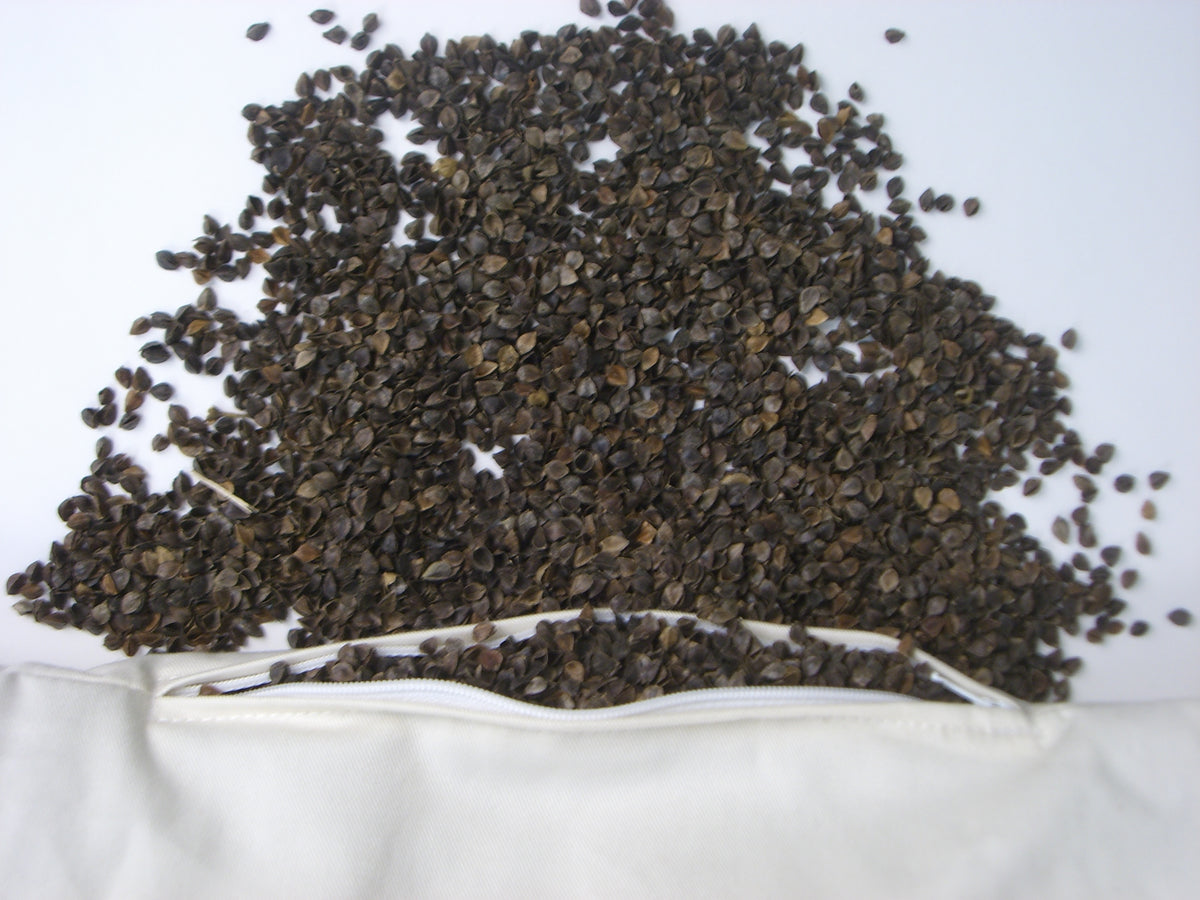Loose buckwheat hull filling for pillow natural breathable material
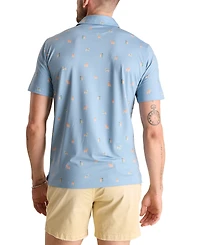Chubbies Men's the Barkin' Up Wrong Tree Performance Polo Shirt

____

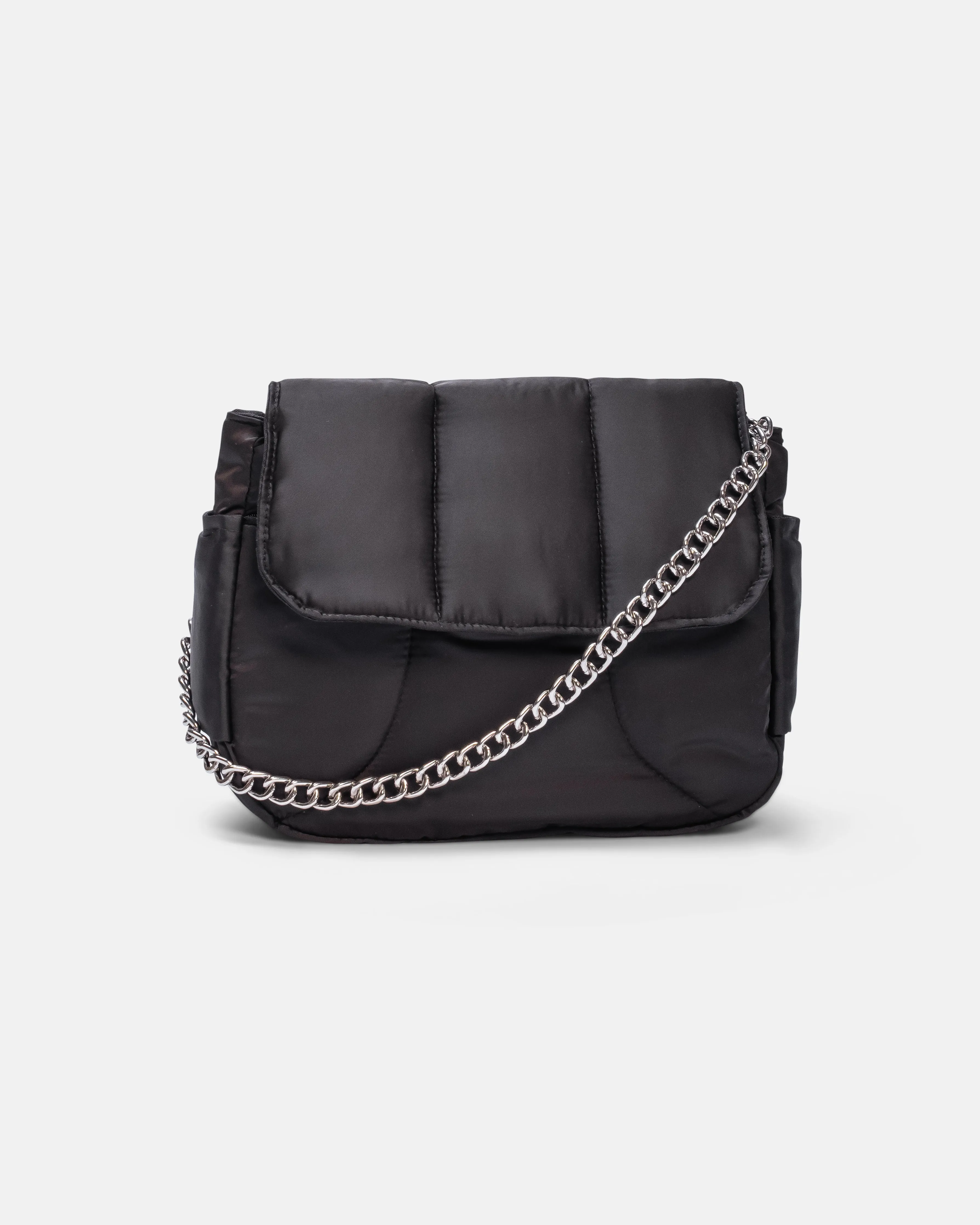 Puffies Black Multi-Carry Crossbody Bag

____

EXERCISE PROMPT: What's needed is an exact copy of the records above from the line containing "Loose buckwheat hull" down to the line containing "Chubbies Men's the", both included, without any pictures.

COMPLETED EXERCISE:
Loose buckwheat hull filling for pillow natural breathable material
Chubbies Men's the Barkin' Up Wrong Tree Performance Polo Shirt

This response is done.